- Data provided:
┄┄┄┄┄┄┄┄┄┄┄┄┄┄┄┄┄┄┄┄

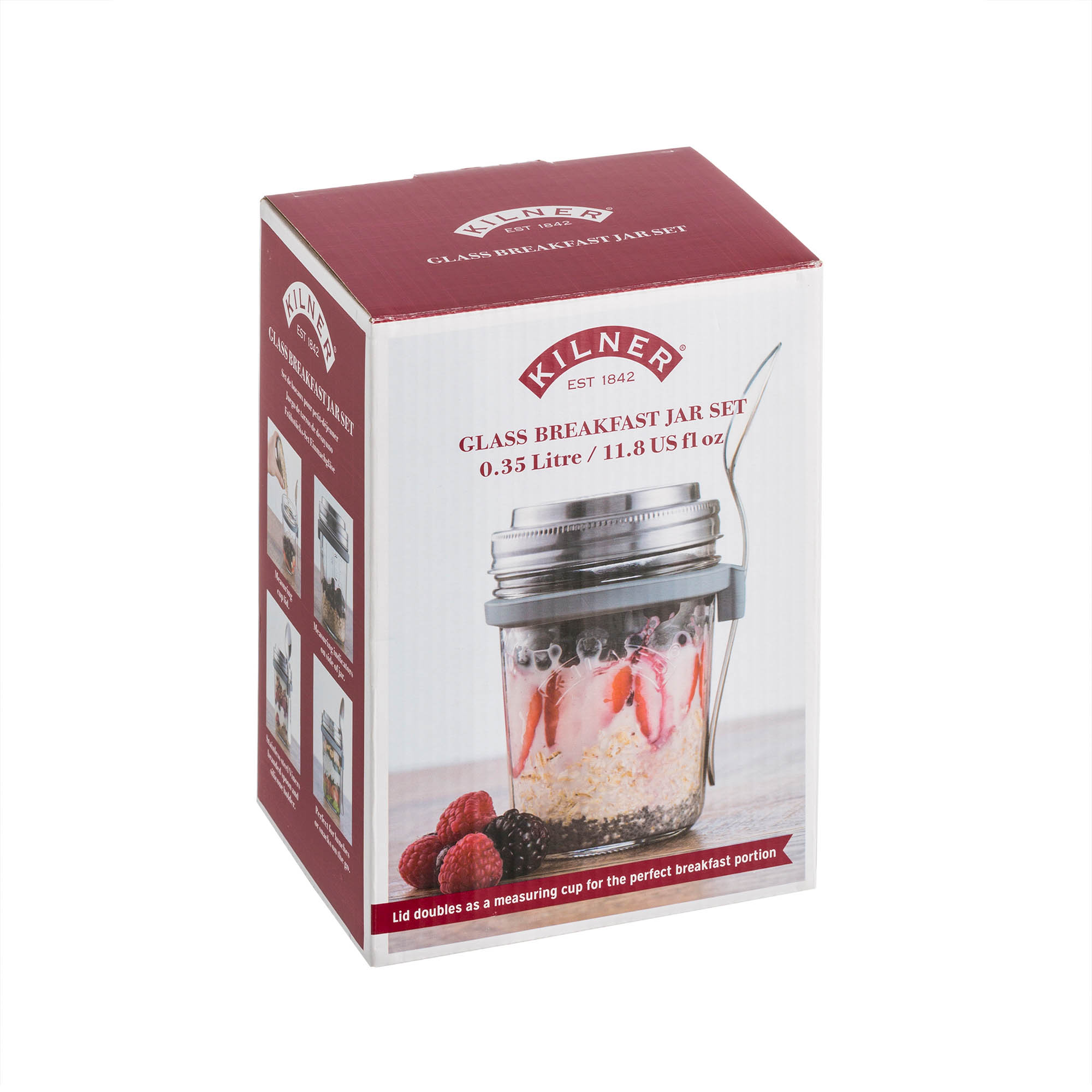 KILNER breakfast jar, 0.35 litres, with screw-top lid and spoon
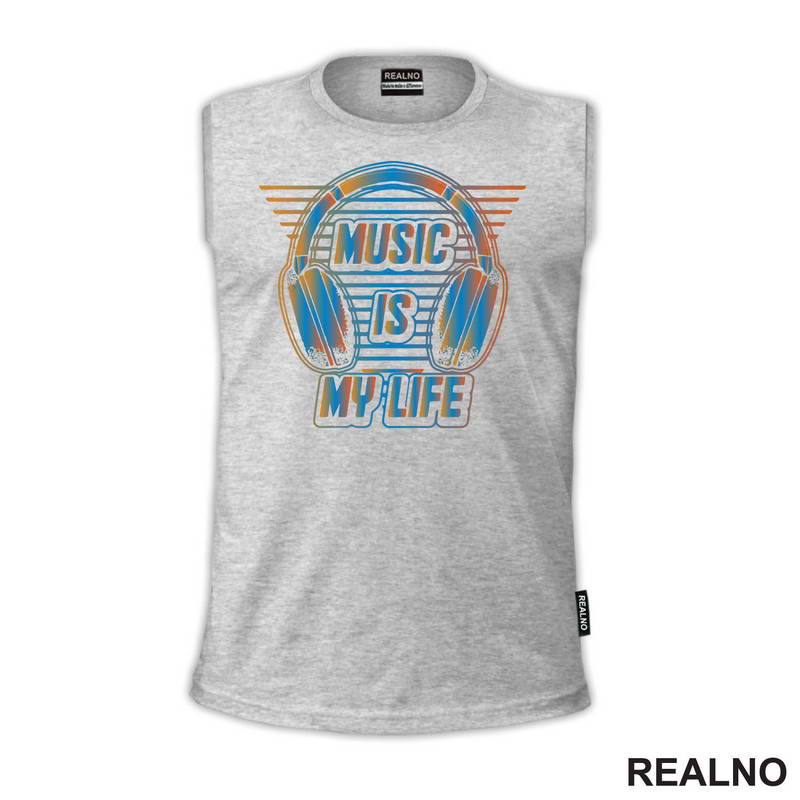 Music Is My Life - Blue - Muzika - Majica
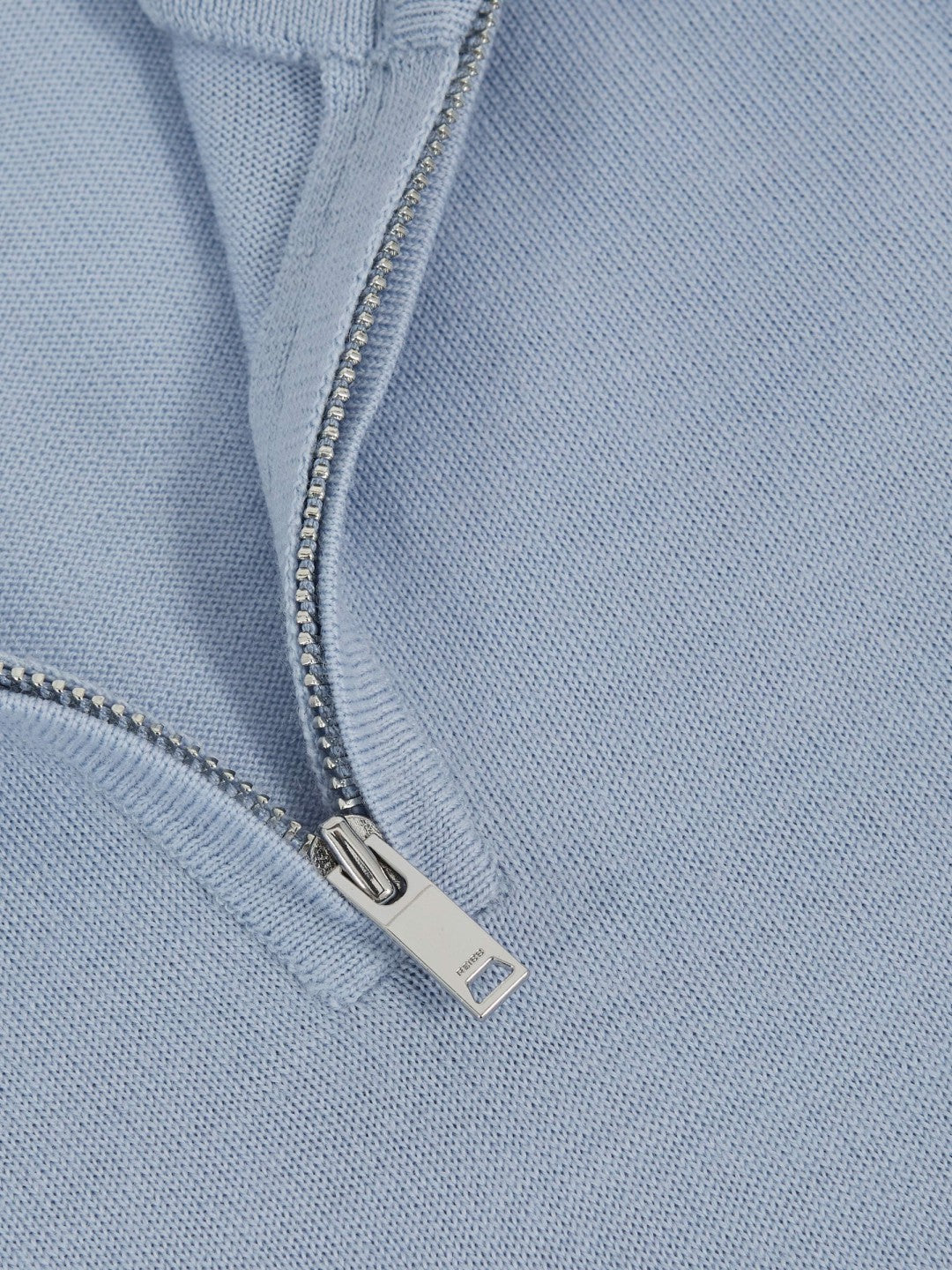 Reiss | 9-13 yrs Merino Wool Half-Zip Funnel Neck Jumper in Soft Blue Melange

┄┄┄┄┄┄┄┄┄┄┄┄┄┄┄┄┄┄┄┄

- Your task: With the images omitted, repeat all the data word for word.

- Response below:
 KILNER breakfast jar, 0.35 litres, with screw-top lid and spoon
 Music Is My Life - Blue - Muzika - Majica
 Reiss | 9-13 yrs Merino Wool Half-Zip Funnel Neck Jumper in Soft Blue Melange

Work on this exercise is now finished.